Available records:
************

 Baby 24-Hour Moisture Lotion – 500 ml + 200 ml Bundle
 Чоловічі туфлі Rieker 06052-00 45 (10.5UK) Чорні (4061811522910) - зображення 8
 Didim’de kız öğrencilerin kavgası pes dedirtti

************

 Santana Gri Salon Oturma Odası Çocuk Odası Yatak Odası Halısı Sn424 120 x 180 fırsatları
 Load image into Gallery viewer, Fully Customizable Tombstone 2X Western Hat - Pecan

************

Work required:
Among the records above, only the lines between the line holding "Santana Gri Salon" and the line holding "Load image into", inclusive, are to be output, exactly as written.

Exercise solution:
 Santana Gri Salon Oturma Odası Çocuk Odası Yatak Odası Halısı Sn424 120 x 180 fırsatları
 Load image into Gallery viewer, Fully Customizable Tombstone 2X Western Hat - Pecan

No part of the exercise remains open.